I asked a man years ago why are you homeless? He said, “ because I want to be homeless.” That might not be true of some, but this guy was honest.
Family Promise provides a pathway to success for their clients. Jobs, education whatever which will stop the cycle with a 93% success rate .At least those citizens won’t end up on the streets. It takes a tremendous amount of effort from staff, donors , volunteers, but most of all from those who find themselves in the homeless situation.
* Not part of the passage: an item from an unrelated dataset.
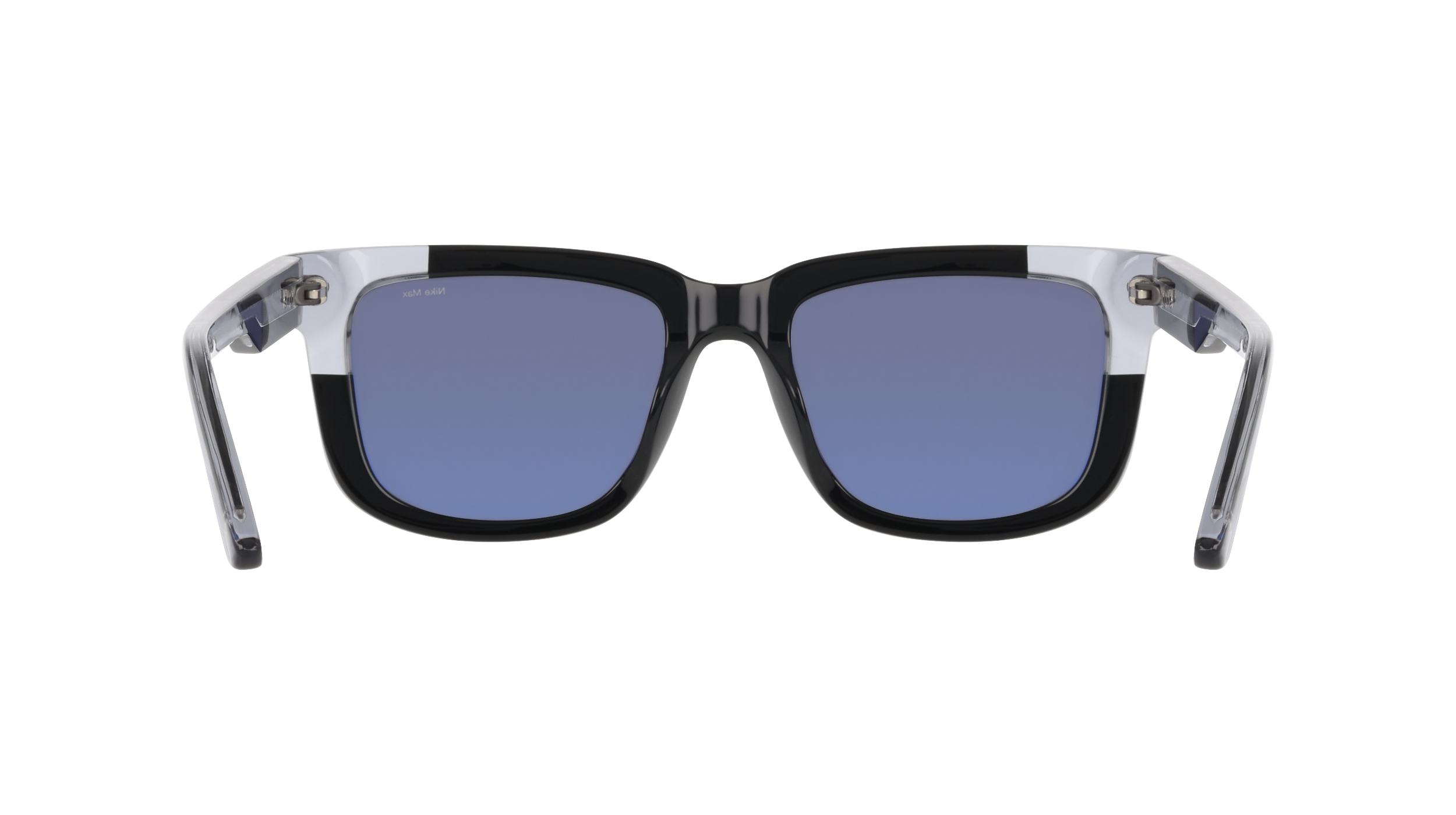 Nike Crescent Fall IH0898X 10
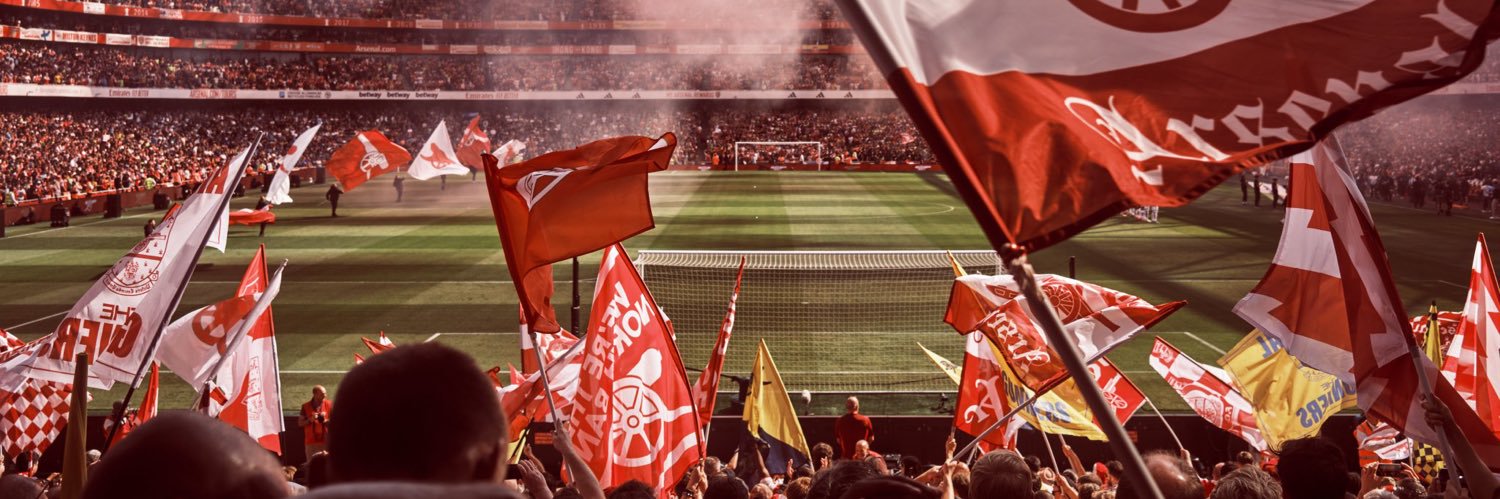 Tyrell_10's profile banner image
It is a shameful crisis for our nation to be in. No matter how or why we have people in need,
My younger brother was homeless for thirteen years. By choice. He wanted nothing to do with society. He wanted to be left alone, as far as possible. He had a nearly life-long alcohol problem. When the world became too much, he would live with me for a few months until he grew tired of my mundane, repetitive life. The Veterans Administration found an apartment for him. It was nice. The V.A. offered rent assistance, which was enough so that he could live comfortably and safely away from the gritty streets. In time, he said this life wasn’t for him and chose to return to the streets. Did he suffer from some form of mental illness? Probably. No matter how much patience and time anyone offered and spent with him, could any organization or person alter his perception of the world? No. He passed away three years ago at the Lake City V.A. I write only to say people live on the streets for many reasons. Do many make terrible choices because of drug and alcohol abuse? Has society become so complicated or rigid that homelessness has become an only choice for some or many? I have no answers. I watched my brother pass back and forth between my life and street life for many years.
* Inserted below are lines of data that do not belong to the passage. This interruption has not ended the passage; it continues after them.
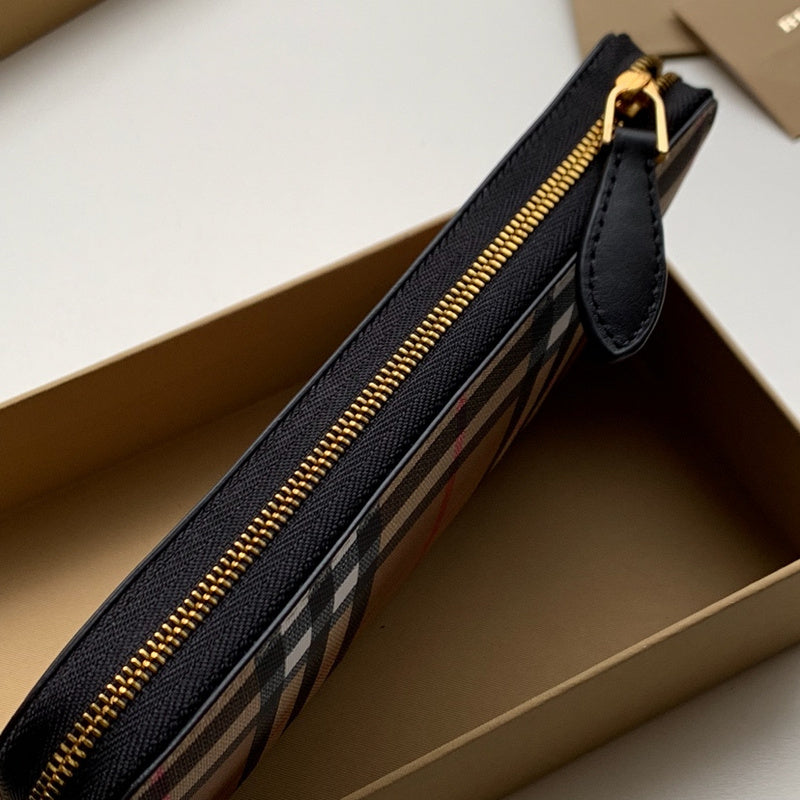 VBS Fashion -BBR Bags - 1487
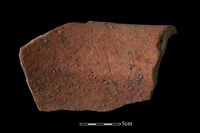 陶罐藏品圖，第2張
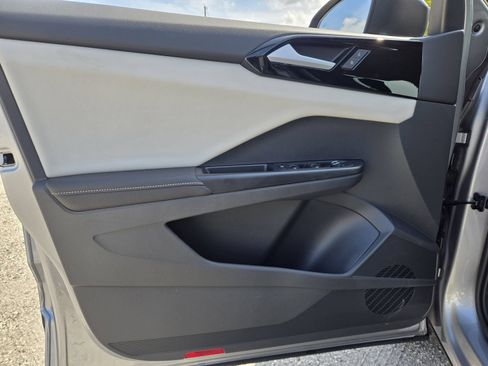 New 2026 Volkswagen Taos S FWD image 13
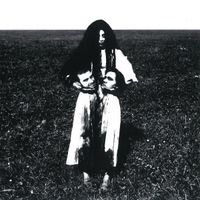 БАТЕРС - Колдунья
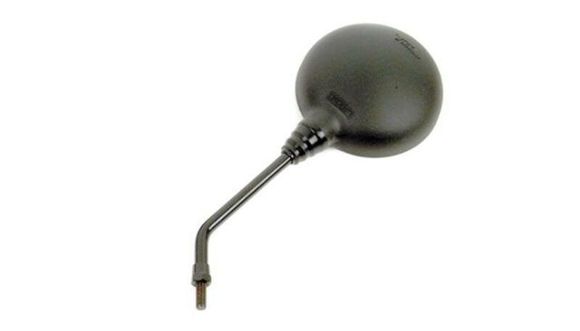 Victa Type - Black mirrorRef: Vic00276A / 1084095001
I’m sorry for your loss, one that I imagine you experienced for a long time in different ways, even before his passing. I commend you and others for trying and feel for the heartache I’m sure you experienced as well. Thank you for not implying that all people who are living on the streets are a monolith. Thank you for interjecting nuance into the conversation in a compassionate way. May your brother rest in peace.
Sorry for anybody who was preyed upon by predators.
If the Dis-Grace Center would actually screen the folks who are down on their luck from the ones with criminal backgrounds it would be a safe place.
Criminals should be sent to other places with better screening.
I have also spoken with women out there and one story was about a man who went by the name of “Tiger”. He preyed and manipulated several woman at a time. There has to be strict rules and structure along with the understanding there are evil people in the world at all levels of society.